Он поставил ее на дорожку.
— Почему бы нам не раздобыть настоящей еды?
Она ступила в прохладный полумрак паба и услышала, как хор голосов приветствует ее. Пайпер сразу поняла, что мужчина за барной стойкой — это Каллен, потому что тот был старше и лысее, а также гораздо более громкой версией Мика. Невысокая женщина рядом с ним, вероятно, Эмили, его жена.
Мик представил Пайпер, и та почувствовала себя давно потерянным и наконец отыскавшимся родственником — так рьяно все бросились обнимать ее и целовать. Казалось, будто за пределами отцовского дома на Таубридж-стрит она упала в кроличью нору и приземлилась в совершенно другом мире. Двое детей Каллена и Эмили, Уилл и Мэви, выбежали из кабинета, где делали уроки, чтобы посмотреть на новую девушку дяди.
Они с Миком вскарабкались на барные стулья, и тут ее забросали вопросами о напитках: «Стаут или лагер? Может, рюмочку «Джеймсона»? «Пауэрс»[39]? Микс?»

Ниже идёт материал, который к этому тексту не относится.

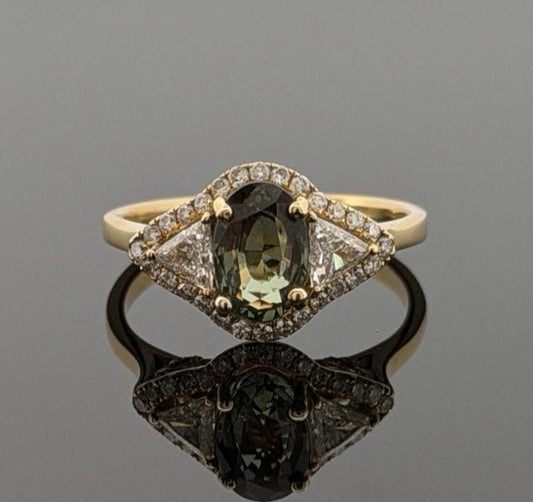 18K Yellow Gold Alexandrite & Diamond Ring 1.53ct Oval FGL Certified 0.59ctw - Devine & Co.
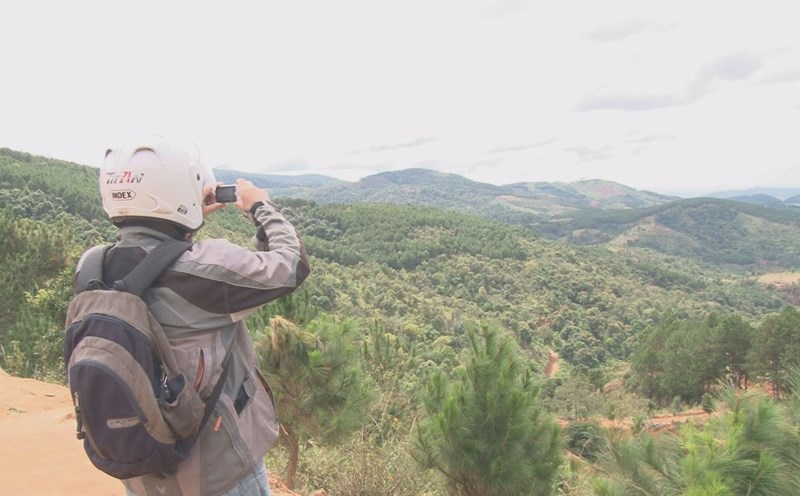 Một phượt thủ đang chụp hình cảnh quan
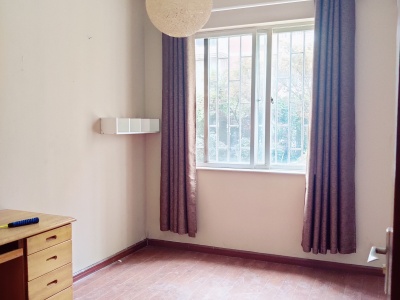 4室2廳1陽臺(tái) 金廬園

— Могу сделать «космо»[40], если тебе такое больше по вкусу, — заверил Каллен.
Пайпер чувствовала себя, как в осаде, и Мик это сразу заметил.
— Не против, если я закажу для тебя? — спросил он.
— Пожалуйста, — отозвалась девушка.
Вскоре Пайпер уже допивала второй стакан «Мерфиса» и за обе щеки уплетала вкуснейшую рыбу с жареной картошкой — угощение от Эмили. Она приправила все солодовым уксусом, подсолила и как раз дожевывала солидный кусок рыбы, пускавшей сок по рукам, когда Каллен оперся о барную стойку и захохотал.
— Бедняжка пухнет с голоду, Магнус! Когда ты в последний раз кормил ее нормальным обедом?
Пайпер перестала жевать, ее глаза округлились от смущения, но Мик наклонился и положил руку на ее плечо.
— Пайпер терпела лишения, — сказал он, крепко обнимая девушку. — Ей нужно кое-что наверстать.
Сытая, счастливая и довольная тем, что познакомилась с родственниками Мика, Пайпер вышла с ним из паба спустя полчаса. Когда они шли к остановке, у Мика зазвонил телефон.
— Да? — сказал он.
На глазах у Пайпер его лицо окаменело. Мик мимолетно глянул на нее и закивал, поднимая вверх палец, чтобы показать, что ему нужно остановиться и поговорить.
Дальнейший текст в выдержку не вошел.